12. How do you think the investigation of private health care complaints should be funded? (Possibilities include a levy, charging on a case by case basis or no charge.)




13. Do you have a view on the financial costs and benefits of this provision?




Links with the courts


14. What are your views on the removal of the statutory bar to allow the Ombudsman to consider a case which has or had the possibility of recourse to a court, tribunal or other mechanism for review? (ie this would give complainants the opportunity to decide which route is most appropriate for them.)


WCBC fully supports the response of the WLGA in that the current jurisdiction is appropriate.

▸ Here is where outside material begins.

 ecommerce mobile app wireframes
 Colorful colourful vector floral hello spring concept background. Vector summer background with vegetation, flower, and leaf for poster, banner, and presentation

15. What are your views on the Ombudsman being able to refer cases to the Courts for a determination on a point of law?


As above


16. Do you have a view on the financial costs and benefits of this provision?


As above


Other issues


17. Do you have any specific examples where the Ombudsman having the additional powers proposed could have been useful in securing a successful conclusion to an issue?




18. Schedule 3of the current 2005 Act, provides a list of authorities that are within the Ombudsman’s jurisdiction to investigate complaints. Please provide details of any other bodies/organisations that should be included in this list?


WCBC considers the list appropriate.


19. If extended powers were given to the Ombudsman in a new Bill/Act, at what point should the impact of this legislation be evaluated?

WCBC supports the position stated within the WLGA response.

20. What unintended consequences could arise as a result of these provisions becoming legislation and what steps could be taken to deal with these consequences?


As above


21. What factors should be measured to determine the cost-benefit analysis of this legislation being brought forward?


As above


22. Do you have any comments on the following issues:

§  jurisdiction – changes to the devolution settlement have led to new areas coming into jurisdiction over time, should consideration be given to other bodies being included in the Ombudsman’s jurisdiction;

§  recommendations and findings - should the recommendations of the Ombudsman to public bodies be binding. This would mean that bodies cannot decide to reject the findings;

§  protecting the title - there has been a proliferation of schemes calling themselves ombudsmen, often without satisfying the key criteria of the concept such as independence from those in jurisdiction and being free to the complainant. Should anyone intending to use the title ombudsman gain approval from the Ombudsman;

§  code of conduct complaints – the Ombudsman would prefer to focus on the element of his work that deals with service users and service delivery, rather than local authority and town and community councils’ resolutions. Whilst a local resolution procedures exists and has been adopted by 22 local authorities, variance exists in practice.


WCBC believe the Ombudsman’s powers in investigating complaints regarding councillor conduct to be both appropriate and beneficial. In independently investigating the complaint, it ensures that no Council officer is put in a compromising position.


23. Do you have any views on any aspects of future planned or proposed public sector reforms that would impact on the role of the Ombudsman?

WCBC supports the position stated within the WLGA response.


24. Do you have any other issues or concerns about the current Act and are there any other areas that need reform or updating?